We’ve also been hard at work thinking about additional PrP-lowering strategies. To this end, we were able to announce two new programs this year, both of which we’re striving to move forward out of our lab. The first is a divalent siRNA that we are developing in collaboration with Anastasia Khvorova, Julia Alterman and their amazing team at UMass. Like at ASO, an siRNA goes after the prion protein RNA, but its separate mechanism makes it an independent shot on goal. The potency and durability of our lead molecule have inspired us to work to advance it toward the clinic even though we don’t have a pharma partner for this drug; we were lucky to receive a well-tailored award from NIH to support its next chapter. At this point, for the first time, we’ve manufactured a drug product and are awaiting final reports from safety studies to understand if we’ll be able to test it in patients.
The second new strategy, CHARM, is a potential one-time therapy that would work by turning off the prion protein gene. This project is a collaboration in the truest sense with the labs of Jonathan Weissman next door at the Whitehead Institute and Ben Deverman here at the Broad: Jonathan’s team builds the tools to turn off genes, Ben’s team builds the delivery systems to get the drug to neurons, and our team contributes the disease expertise. It’s a rare privilege to combine such diverse complementary toolkits with such single-minded focus; in under two years the proof of concept experiments for this brand-new tool had convinced us to turn our attention to discovering a human candidate. While this discovery process is ongoing, CHARM’s advantages are compelling: by installing potentially permanent marks on the target gene, more so than other strategies we’ve explored it offers the tantalizing prospect of a “one and done” therapeutic strategy.
What is it like to be driving forward drug development projects out of our academic lab? It’s all the things: exhausting, exciting, some days more educational than we can handle. We are learning in-the-weeds details of what it takes to get a molecule to humans that we probably couldn’t have learned any other way.
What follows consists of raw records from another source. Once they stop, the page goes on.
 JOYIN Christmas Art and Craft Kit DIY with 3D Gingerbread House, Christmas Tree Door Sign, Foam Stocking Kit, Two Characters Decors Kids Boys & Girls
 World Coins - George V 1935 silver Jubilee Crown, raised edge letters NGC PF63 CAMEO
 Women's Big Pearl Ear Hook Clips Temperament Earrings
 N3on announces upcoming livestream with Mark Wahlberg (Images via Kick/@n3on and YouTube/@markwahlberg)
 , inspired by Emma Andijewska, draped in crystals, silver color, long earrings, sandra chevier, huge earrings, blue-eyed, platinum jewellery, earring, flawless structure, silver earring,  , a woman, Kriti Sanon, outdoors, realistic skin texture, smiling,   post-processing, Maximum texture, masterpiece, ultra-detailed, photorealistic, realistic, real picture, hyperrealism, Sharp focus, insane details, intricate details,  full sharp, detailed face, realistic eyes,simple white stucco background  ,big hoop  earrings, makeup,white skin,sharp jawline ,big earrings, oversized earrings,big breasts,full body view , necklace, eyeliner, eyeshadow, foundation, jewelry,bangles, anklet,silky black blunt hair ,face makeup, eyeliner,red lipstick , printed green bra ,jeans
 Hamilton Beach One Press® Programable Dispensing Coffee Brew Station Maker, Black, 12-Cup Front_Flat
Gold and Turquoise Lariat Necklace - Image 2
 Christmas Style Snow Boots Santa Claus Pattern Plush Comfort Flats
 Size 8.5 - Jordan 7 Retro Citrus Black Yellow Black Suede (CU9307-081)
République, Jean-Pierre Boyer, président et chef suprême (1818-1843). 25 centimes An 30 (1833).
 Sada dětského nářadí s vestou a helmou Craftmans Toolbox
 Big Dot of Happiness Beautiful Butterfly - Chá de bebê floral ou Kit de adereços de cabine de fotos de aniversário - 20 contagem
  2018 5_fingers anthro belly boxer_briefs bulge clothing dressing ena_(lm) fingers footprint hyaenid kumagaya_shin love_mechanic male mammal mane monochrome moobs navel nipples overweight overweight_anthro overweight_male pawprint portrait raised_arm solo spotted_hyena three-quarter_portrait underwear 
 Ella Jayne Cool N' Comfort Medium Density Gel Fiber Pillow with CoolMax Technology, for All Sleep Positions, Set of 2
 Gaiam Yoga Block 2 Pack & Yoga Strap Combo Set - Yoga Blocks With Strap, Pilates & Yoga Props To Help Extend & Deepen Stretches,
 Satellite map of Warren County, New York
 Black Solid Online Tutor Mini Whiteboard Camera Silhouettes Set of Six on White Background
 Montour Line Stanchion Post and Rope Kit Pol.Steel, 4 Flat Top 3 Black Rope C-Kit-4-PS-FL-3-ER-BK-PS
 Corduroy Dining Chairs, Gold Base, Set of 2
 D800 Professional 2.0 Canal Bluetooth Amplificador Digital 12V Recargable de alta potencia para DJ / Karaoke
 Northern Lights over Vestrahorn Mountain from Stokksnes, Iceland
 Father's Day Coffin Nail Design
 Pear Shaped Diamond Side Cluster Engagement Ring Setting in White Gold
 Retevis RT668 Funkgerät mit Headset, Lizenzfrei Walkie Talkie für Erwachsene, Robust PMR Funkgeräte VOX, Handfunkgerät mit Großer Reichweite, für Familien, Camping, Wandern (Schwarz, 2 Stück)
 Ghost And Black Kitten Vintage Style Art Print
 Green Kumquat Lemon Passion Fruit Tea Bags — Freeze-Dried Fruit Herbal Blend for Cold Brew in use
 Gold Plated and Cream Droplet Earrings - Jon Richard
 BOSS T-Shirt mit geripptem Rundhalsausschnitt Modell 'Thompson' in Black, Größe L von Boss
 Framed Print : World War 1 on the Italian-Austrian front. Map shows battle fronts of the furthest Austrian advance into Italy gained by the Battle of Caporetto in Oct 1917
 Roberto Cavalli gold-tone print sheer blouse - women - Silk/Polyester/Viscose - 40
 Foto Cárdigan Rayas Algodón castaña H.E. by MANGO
Where can we imagine this leading? To state the obvious, we are not a drug company. Our ability, as an academic lab, to scale up to future, pivotal clinical trials that would support drug approval, or to provide a long-term supply of the drug to patients, is uncertain. Still, we see several reasons why this academic scale of drug development is worth undertaking. We hope that we will be able to help some number of patients here and now. Even in small clinical studies we will learn things about recruitment, disease course, and biomarkers that we will have the liberty, as academics, to share quickly and broadly with the field. Having our own drug products is a lever for discussion with regulators about key development questions that will be important to our disease community over the long term, including how we pivot to prevention. Finally, as our friend Jordi likes to say, “Data changes minds.” We don’t know what opportunities we’ll see over the next ridge once we have first-in-human data in hand. We have to get there to find out.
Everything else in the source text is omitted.